Amare e perdere è una serie turca intensa e malinconica che racconta un amore fragile, segnato da debiti, scelte sbagliate e responsabilità adulte. Protagonista Emine Meyrem nei panni di Afife, sceneggiatrice idealista alle prese con una relazione impossibile con Kemal, interpretato da Ibrahim Çelikkol. Otto episodi che riflettono sul sentimento amoroso come rischio, perdita e crescita
Disponibile su Netflix dal 15 gennaio, Amare e perdere (titolo originale Ayrılık da Sevdaya Dahil) si inserisce nel filone delle serie turche più adulte e introspettive, lontane dal melodramma urlato e più vicine a una riflessione emotiva sul peso delle scelte e sull’inevitabilità della perdita. Una storia d’amore che non promette salvezza, ma consapevolezza.
La trama di Amare e perdere
Al centro del racconto c’è Afife, una giovane sceneggiatrice che lotta per salvare il ristorante di famiglia dal fallimento, mentre cerca di non rinunciare ai propri ideali e alla scrittura. La sua vita incrocia quella di Kemal, uomo dai modi duri e dall’esistenza moralmente ambigua, incaricato di riscuotere un debito proprio nel locale della donna. L’incontro, tutt’altro che romantico, accende però una tensione profonda, fatta di attrazione, rispetto e fragilità condivise.
La serie costruisce il rapporto tra i due come un lento avvicinamento, segnato da ostacoli concreti: problemi economici, legami familiari soffocanti, promesse già fatte ad altri. Amare e perdere sceglie di raccontare un amore che non risolve, ma complica, e che spesso mette i protagonisti davanti a ciò che non possono più evitare.

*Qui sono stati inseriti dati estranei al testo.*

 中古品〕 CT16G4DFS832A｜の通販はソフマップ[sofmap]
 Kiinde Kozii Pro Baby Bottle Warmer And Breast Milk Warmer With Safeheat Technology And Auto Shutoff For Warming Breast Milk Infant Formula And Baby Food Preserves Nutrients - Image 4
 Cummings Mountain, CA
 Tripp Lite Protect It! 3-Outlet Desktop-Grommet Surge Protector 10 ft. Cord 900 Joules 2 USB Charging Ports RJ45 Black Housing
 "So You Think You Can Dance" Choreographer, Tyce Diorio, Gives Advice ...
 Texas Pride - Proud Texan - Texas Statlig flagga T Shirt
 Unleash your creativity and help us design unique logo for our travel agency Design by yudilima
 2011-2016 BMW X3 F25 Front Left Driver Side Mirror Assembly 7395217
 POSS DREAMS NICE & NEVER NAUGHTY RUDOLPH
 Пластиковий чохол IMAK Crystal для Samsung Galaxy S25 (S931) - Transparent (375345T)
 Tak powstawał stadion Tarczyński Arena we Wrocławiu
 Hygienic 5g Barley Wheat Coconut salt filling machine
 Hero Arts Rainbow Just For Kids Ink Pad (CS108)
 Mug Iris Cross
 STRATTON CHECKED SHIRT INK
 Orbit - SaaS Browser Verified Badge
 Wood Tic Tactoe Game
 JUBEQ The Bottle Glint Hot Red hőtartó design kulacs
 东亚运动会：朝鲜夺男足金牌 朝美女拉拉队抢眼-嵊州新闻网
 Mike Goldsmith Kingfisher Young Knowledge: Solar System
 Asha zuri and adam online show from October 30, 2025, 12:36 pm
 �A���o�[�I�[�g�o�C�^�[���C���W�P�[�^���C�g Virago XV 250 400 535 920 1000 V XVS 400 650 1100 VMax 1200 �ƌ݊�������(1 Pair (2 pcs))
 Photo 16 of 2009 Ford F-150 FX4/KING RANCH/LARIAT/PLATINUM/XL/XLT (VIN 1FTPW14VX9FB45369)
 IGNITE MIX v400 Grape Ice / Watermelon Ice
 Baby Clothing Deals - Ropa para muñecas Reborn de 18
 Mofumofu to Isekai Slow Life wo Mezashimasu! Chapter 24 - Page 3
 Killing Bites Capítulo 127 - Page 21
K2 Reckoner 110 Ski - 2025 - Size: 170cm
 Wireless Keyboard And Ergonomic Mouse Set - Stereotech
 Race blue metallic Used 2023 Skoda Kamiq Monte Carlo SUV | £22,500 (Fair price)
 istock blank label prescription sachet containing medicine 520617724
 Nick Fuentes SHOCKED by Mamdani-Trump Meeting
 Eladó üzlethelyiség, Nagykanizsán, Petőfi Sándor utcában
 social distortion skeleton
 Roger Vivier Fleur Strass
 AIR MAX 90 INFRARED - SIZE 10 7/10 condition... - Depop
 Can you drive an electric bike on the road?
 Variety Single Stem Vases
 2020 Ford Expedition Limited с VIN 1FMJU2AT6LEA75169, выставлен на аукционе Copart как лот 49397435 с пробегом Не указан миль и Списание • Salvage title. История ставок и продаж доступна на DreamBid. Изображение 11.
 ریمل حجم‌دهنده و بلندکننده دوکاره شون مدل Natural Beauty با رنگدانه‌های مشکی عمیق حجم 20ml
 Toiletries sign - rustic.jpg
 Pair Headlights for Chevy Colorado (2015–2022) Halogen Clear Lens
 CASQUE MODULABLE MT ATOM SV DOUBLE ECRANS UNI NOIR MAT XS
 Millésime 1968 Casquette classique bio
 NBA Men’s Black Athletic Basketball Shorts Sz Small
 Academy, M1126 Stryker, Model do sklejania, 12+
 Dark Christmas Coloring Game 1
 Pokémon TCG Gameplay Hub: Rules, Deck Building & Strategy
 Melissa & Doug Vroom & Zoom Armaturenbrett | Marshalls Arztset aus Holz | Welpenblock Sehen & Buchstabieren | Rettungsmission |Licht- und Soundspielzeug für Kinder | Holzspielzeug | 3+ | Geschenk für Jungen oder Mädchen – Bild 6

Emine Meyrem, un volto internazionale per un personaggio irregolare
Al centro di Amare e perdere c’è la prova matura e stratificata di Emine Meyrem, attrice dalla traiettoria dichiaratamente internazionale, che porta nella serie una complessità rara per il panorama delle produzioni romantiche. Bilingue e formatasi tra Bruxelles e Parigi, Meyrem ha costruito il proprio percorso tra cinema, televisione e teatro, lavorando con registi europei e mediorientali e alternando produzioni d’autore a progetti più popolari, senza mai perdere una cifra personale riconoscibile.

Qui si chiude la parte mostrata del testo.